EXERCISE DESCRIPTION. Leave out the pictures and retype, exactly, the lines below from the line with "Volkswagen Tiguan Allspace" up to and including the line with "Anant - kik username", nothing more.

PROVIDED RECORDS.
============================================================
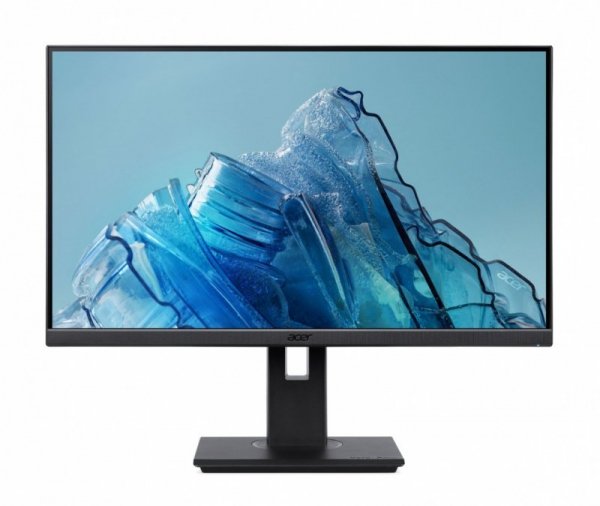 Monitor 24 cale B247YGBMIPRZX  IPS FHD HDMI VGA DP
============================================================
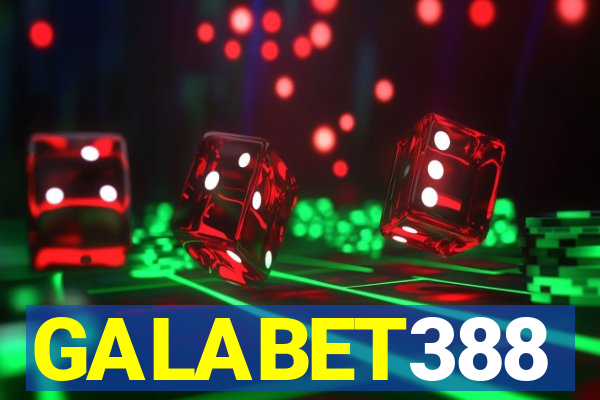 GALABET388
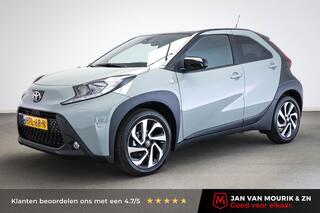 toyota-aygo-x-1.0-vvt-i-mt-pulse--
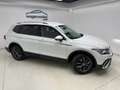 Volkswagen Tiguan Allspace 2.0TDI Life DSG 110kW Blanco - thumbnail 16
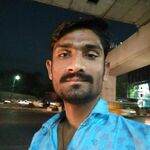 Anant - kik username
============================================================
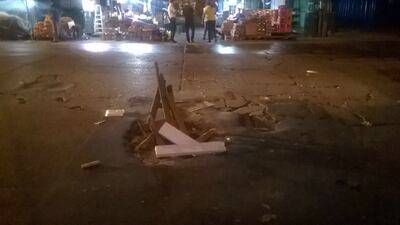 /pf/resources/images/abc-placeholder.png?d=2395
============================================================
REPLY.
 Volkswagen Tiguan Allspace 2.0TDI Life DSG 110kW Blanco - thumbnail 16
 Anant - kik username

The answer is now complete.